E il Pd? Cosa dicono i dem? Partendo dal vertice, con Elly Schlein il rapporto è più che disteso. I due si sentono regolarmente e la sintonia, sul percorso, è solidissima. Sembra incredibile per chi ricorda di una giovanissima Elly, europarlamentare dem, che uscì dal Pd nel 2015 proprio in dissenso con la linea dell’allora segretario Renzi. E invece, per uno scherzo del destino, è stata proprio lei il principale artefice di questo riavvicinamento.
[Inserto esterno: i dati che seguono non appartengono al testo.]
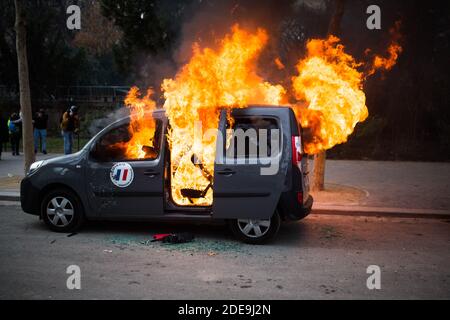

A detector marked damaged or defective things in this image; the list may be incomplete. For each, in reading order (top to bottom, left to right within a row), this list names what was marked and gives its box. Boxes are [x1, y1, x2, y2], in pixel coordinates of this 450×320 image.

burnt door panel [212, 110, 288, 220]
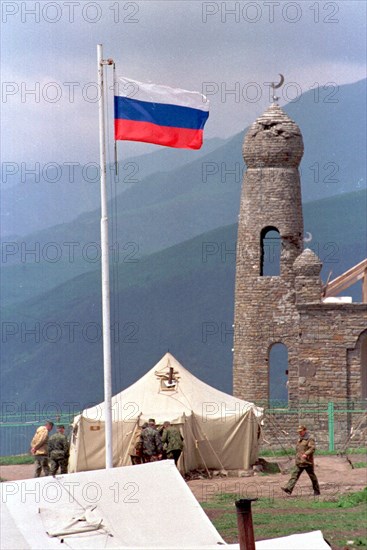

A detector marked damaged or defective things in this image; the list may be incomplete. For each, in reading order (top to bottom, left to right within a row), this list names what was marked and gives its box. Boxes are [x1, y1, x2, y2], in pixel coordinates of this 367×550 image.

damaged minaret [234, 104, 306, 406]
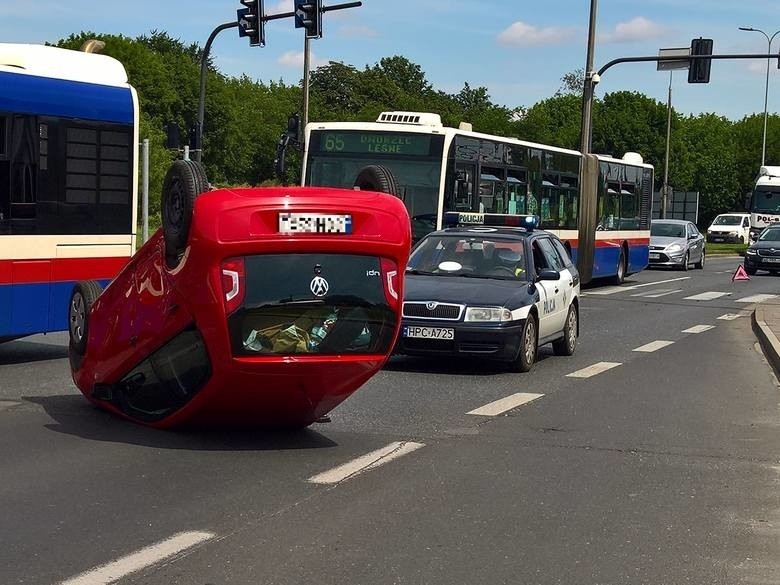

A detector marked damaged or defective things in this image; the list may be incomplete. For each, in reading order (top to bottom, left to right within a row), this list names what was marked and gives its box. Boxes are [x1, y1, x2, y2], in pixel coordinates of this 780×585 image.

overturned red car [68, 162, 412, 426]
È stata lei, infatti, a sostenere, subito dopo le elezioni europee, che era “finito” “il tempo dei veti” e che era arrivato «il momento di mettere insieme le nostre differenze attorno a un’alternativa credibile e solida». Tradotto: Elly, che è molto meno naif di quanto qualcuno pensi, ha capito che con il 24% preso dal Pd alle Europee, mettendo insieme tutti i partiti del campo largo, manca poco per arrivare a competere con il centrodestra. Ma quel poco non può che venire dal centro, visto che a sinistra tutto lo spazio è preso. E tutto serve. Come si dice in Emilia a proposito della creatura da cui si fanno prosciutti e mortadelle, non si butta via niente. E Renzi, imbattibile in velocità, si è tuffato nel pragmatismo della sua (ex) “nemica amatissima”.

 

 

 

LEADERSHIP

C’è poi un’altra ragione che cementa il rapporto tra i due opposti, Elly e Matteo: la candidatura a premier del centrosinistra di Schlein. Renzi in ogni sua uscita non ha fatto che ribadire che, se si votasse domani, il candidato premier dovrebbe essere la leader del partito con più voti. Cioè Schlein. E così, altro paradosso, Renzi è diventato il miglior alleato di Schlein per Palazzo Chigi. Una guardia del corpo che la difende anche dal fuoco amico del Pd (come Renzi ha apertamente detto a Pesaro: lui ne sa qualcosa). Renzi serve a Schlein e viceversa.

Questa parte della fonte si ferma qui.